Source information START
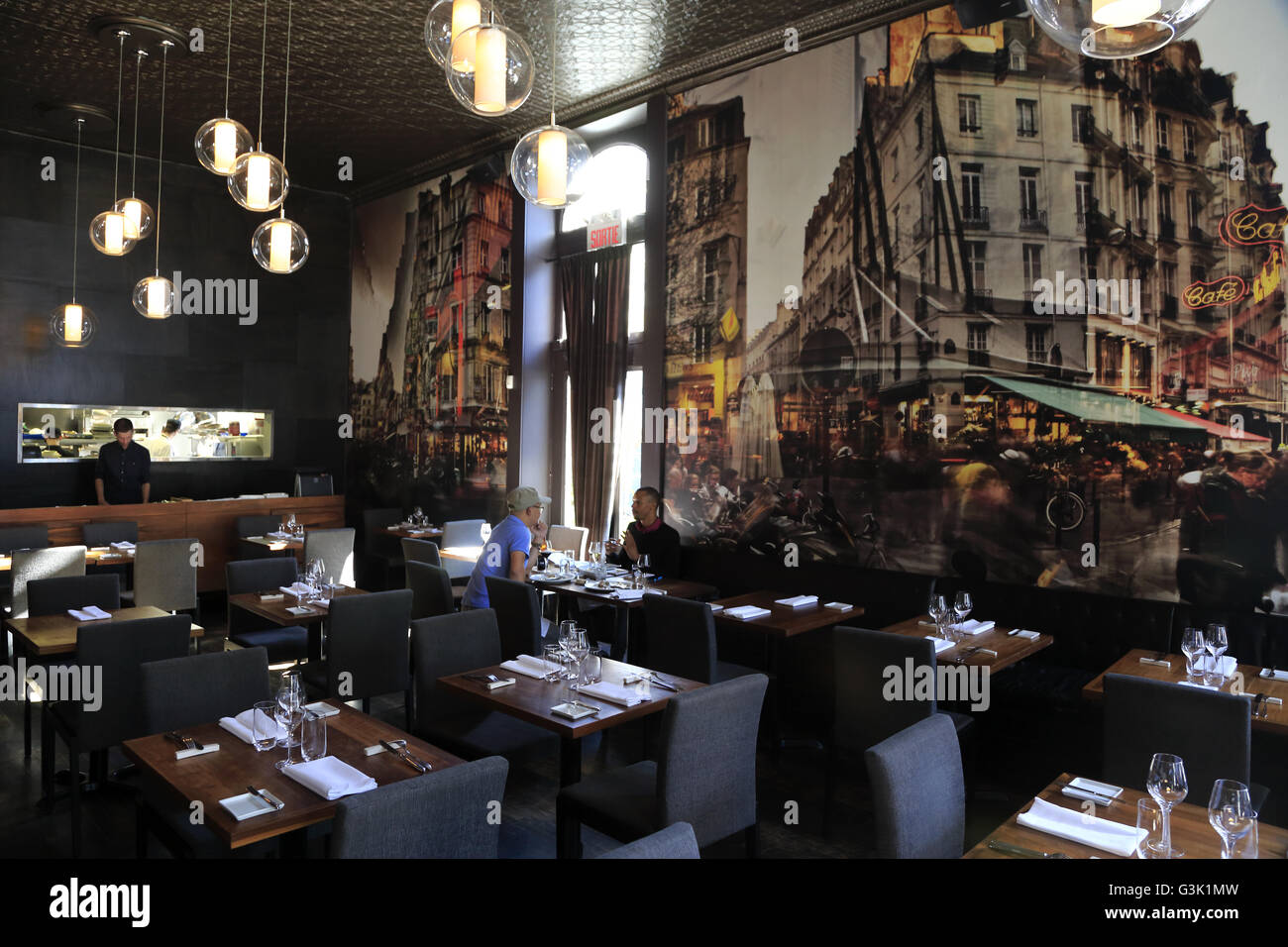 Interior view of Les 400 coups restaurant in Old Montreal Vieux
Source information END
Source information START
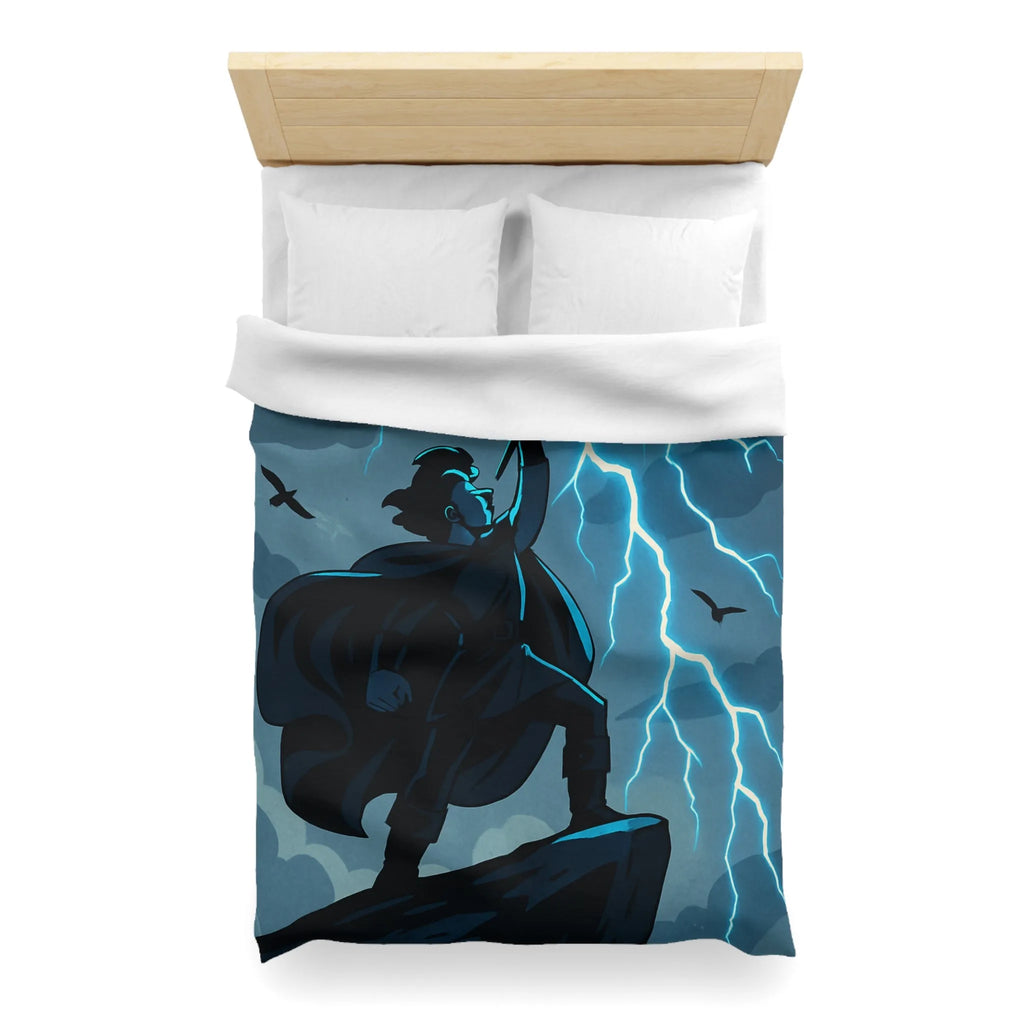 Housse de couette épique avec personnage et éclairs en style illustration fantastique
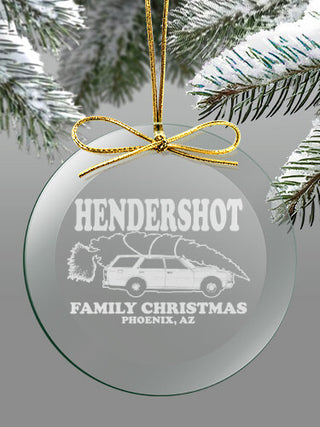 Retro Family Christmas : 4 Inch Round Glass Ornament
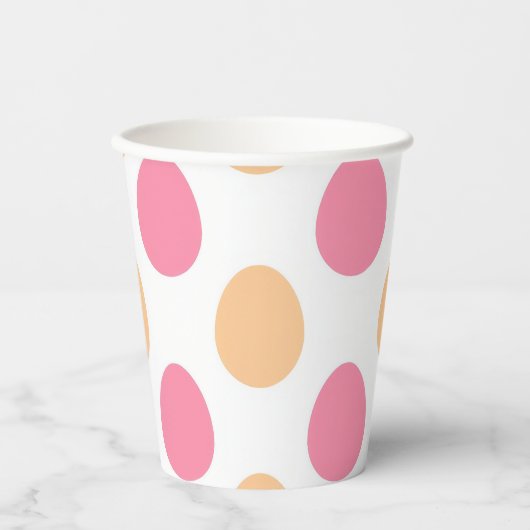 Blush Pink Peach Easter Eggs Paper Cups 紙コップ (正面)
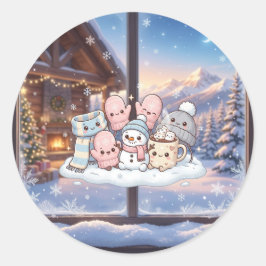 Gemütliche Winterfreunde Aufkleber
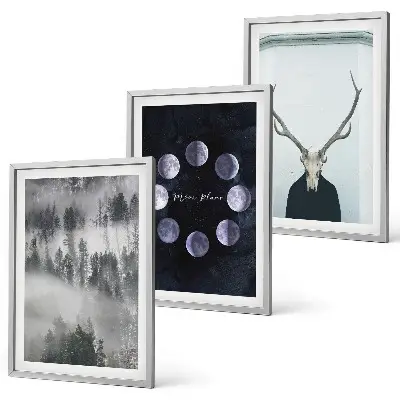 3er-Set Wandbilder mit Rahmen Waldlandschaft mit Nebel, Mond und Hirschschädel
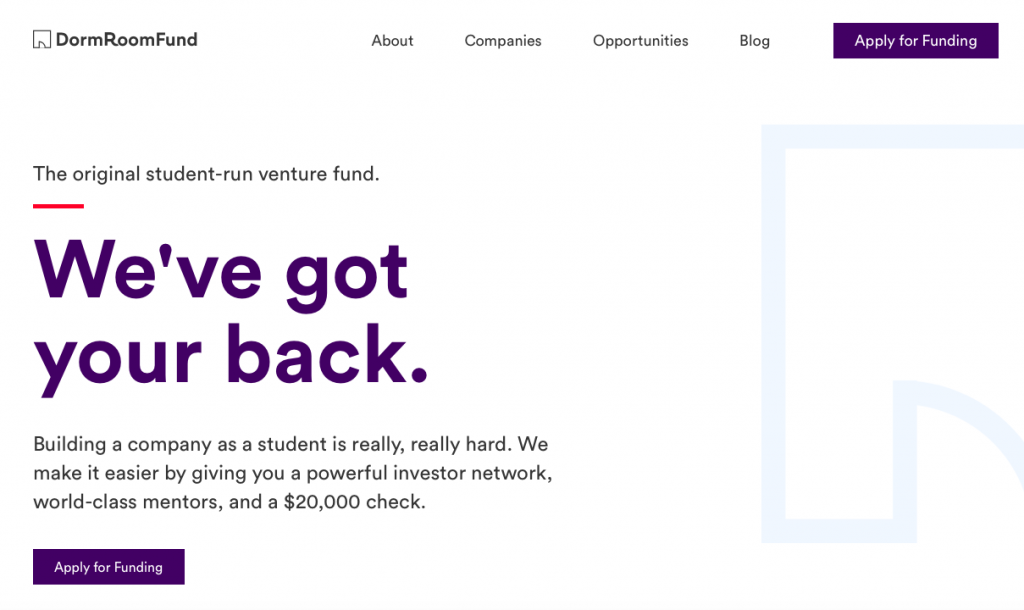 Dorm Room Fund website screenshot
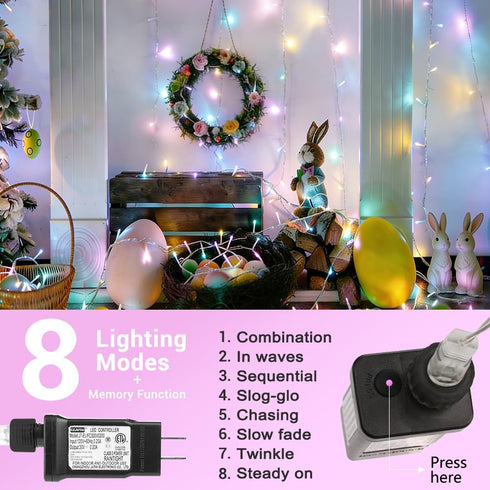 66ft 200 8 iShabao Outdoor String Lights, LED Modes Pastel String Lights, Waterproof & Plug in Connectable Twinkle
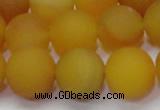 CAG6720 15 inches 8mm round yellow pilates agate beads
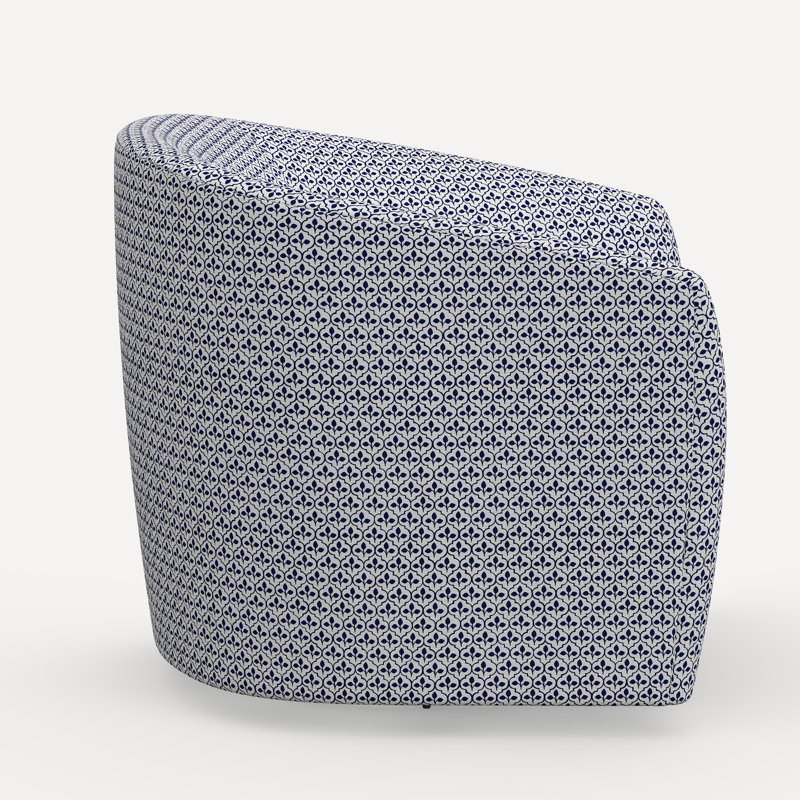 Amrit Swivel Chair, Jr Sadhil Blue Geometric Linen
Source information END
Source information START
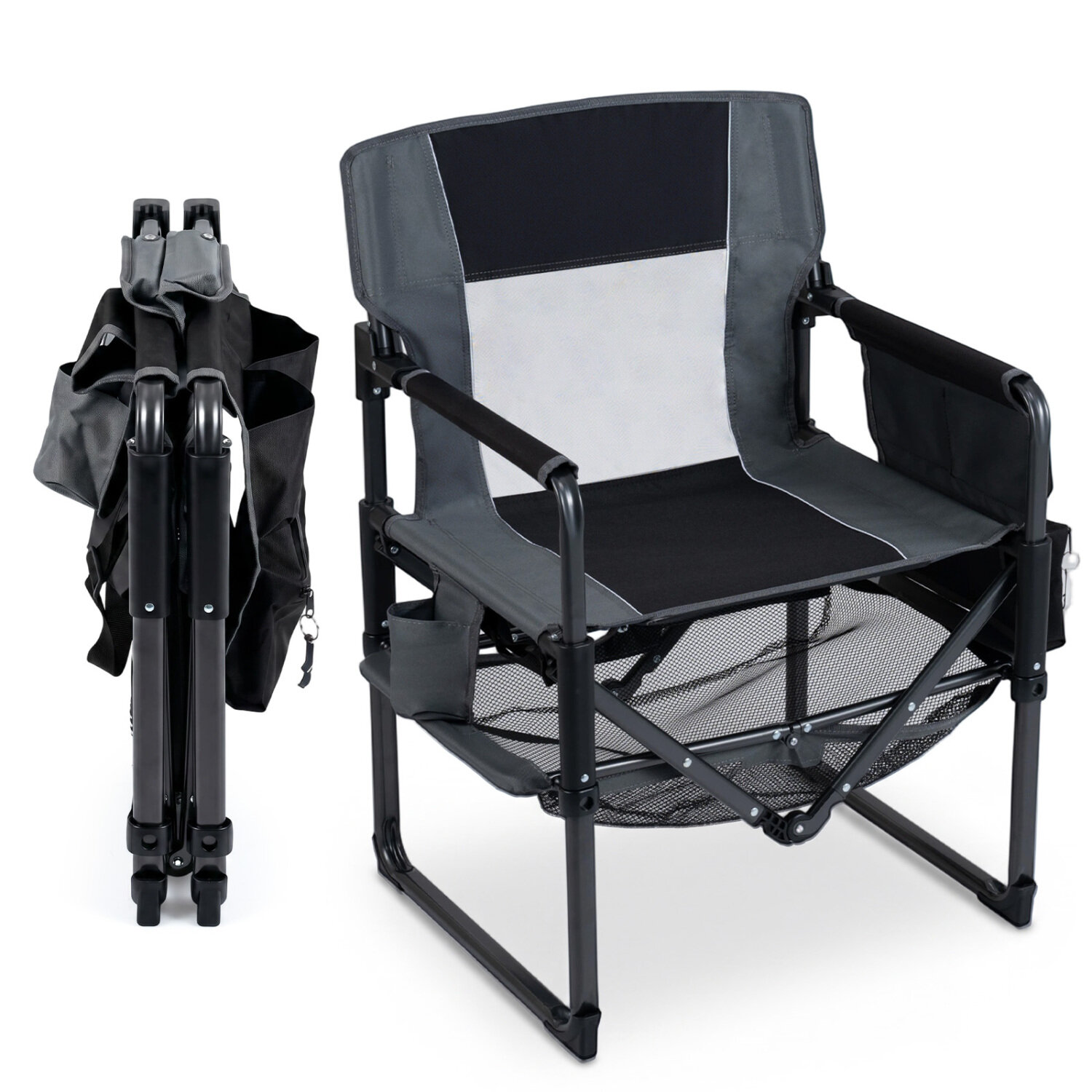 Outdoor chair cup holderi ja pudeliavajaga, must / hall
Source information END
How to complete this task
Going back to the data above, write out everything from the line with "CAG6720 15 inches" down to the line with "Amrit Swivel Chair, Jr", both included, leaving every picture out.

Expected answer
 CAG6720 15 inches 8mm round yellow pilates agate beads
 Amrit Swivel Chair, Jr Sadhil Blue Geometric Linen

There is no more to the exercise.